EXERCISE DIRECTIONS
Please return the lines below verbatim, beginning at the one that has "SUNNYMEADE - Residential" and stopping after the one that has "貴愛kwiae Officialのインスタグラム：「5月もあと半分😌 そういえば、", and add no other lines.

SUPPLIED MATERIAL

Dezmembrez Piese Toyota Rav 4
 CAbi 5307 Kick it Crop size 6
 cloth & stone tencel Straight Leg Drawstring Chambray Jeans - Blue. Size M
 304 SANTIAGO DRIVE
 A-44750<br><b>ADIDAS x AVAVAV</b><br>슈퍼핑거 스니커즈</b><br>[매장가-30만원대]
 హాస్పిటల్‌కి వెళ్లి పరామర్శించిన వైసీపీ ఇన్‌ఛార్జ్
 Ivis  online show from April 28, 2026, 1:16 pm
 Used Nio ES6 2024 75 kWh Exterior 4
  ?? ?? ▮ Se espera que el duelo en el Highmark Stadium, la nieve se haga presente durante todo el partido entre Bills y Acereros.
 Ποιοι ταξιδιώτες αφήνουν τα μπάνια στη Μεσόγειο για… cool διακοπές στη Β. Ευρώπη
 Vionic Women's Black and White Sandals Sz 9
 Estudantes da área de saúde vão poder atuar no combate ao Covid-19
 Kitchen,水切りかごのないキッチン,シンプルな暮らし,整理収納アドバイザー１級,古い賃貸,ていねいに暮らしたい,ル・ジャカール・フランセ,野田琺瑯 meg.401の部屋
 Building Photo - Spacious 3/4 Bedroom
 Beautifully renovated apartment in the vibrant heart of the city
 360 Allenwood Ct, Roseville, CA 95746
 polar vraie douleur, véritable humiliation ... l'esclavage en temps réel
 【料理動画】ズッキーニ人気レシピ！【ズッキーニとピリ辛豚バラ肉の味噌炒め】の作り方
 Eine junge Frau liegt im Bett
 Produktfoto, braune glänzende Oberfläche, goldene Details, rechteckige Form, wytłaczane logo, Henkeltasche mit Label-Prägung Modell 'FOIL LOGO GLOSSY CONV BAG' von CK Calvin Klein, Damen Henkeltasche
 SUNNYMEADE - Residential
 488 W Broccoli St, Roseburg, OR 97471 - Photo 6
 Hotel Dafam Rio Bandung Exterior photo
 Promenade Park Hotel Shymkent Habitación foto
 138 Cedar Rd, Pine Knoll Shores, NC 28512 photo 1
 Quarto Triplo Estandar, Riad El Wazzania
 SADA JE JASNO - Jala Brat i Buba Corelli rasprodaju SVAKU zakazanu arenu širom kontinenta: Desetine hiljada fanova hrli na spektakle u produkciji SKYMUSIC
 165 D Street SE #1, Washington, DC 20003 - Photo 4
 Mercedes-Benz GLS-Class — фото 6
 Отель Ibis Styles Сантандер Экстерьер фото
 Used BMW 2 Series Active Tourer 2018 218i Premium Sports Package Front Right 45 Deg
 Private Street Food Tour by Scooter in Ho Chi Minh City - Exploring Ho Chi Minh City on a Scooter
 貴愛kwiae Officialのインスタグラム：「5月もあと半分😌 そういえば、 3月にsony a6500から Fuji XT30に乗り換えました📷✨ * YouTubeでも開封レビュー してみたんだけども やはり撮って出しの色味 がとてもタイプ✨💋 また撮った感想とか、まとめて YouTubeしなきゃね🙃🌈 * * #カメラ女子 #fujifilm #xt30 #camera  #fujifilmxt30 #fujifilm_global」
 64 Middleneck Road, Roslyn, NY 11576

ANSWER SECTION
 SUNNYMEADE - Residential
 488 W Broccoli St, Roseburg, OR 97471 - Photo 6
 Hotel Dafam Rio Bandung Exterior photo
 Promenade Park Hotel Shymkent Habitación foto
 138 Cedar Rd, Pine Knoll Shores, NC 28512 photo 1
 Quarto Triplo Estandar, Riad El Wazzania
 SADA JE JASNO - Jala Brat i Buba Corelli rasprodaju SVAKU zakazanu arenu širom kontinenta: Desetine hiljada fanova hrli na spektakle u produkciji SKYMUSIC
 165 D Street SE #1, Washington, DC 20003 - Photo 4
 Mercedes-Benz GLS-Class — фото 6
 Отель Ibis Styles Сантандер Экстерьер фото
 Used BMW 2 Series Active Tourer 2018 218i Premium Sports Package Front Right 45 Deg
 Private Street Food Tour by Scooter in Ho Chi Minh City - Exploring Ho Chi Minh City on a Scooter
 貴愛kwiae Officialのインスタグラム：「5月もあと半分😌 そういえば、 3月にsony a6500から Fuji XT30に乗り換えました📷✨ * YouTubeでも開封レビュー してみたんだけども やはり撮って出しの色味 がとてもタイプ✨💋 また撮った感想とか、まとめて YouTubeしなきゃね🙃🌈 * * #カメラ女子 #fujifilm #xt30 #camera  #fujifilmxt30 #fujifilm_global」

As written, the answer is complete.